# WORK INSTRUCTIONS
Write all of the entries again. Keep them exactly as they are.

# SUPPLIED DATA
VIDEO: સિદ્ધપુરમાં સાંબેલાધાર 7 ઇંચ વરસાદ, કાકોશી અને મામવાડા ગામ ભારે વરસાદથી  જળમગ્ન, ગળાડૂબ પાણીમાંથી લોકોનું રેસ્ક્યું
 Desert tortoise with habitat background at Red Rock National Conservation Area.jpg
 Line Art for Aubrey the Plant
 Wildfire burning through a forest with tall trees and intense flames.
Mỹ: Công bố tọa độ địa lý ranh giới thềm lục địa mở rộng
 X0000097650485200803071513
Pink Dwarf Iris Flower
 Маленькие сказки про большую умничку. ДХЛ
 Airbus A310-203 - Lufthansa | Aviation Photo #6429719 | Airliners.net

# RESULT
VIDEO: સિદ્ધપુરમાં સાંબેલાધાર 7 ઇંચ વરસાદ, કાકોશી અને મામવાડા ગામ ભારે વરસાદથી  જળમગ્ન, ગળાડૂબ પાણીમાંથી લોકોનું રેસ્ક્યું
 Desert tortoise with habitat background at Red Rock National Conservation Area.jpg
 Line Art for Aubrey the Plant
 Wildfire burning through a forest with tall trees and intense flames.
Mỹ: Công bố tọa độ địa lý ranh giới thềm lục địa mở rộng
 X0000097650485200803071513
Pink Dwarf Iris Flower
 Маленькие сказки про большую умничку. ДХЛ
 Airbus A310-203 - Lufthansa | Aviation Photo #6429719 | Airliners.net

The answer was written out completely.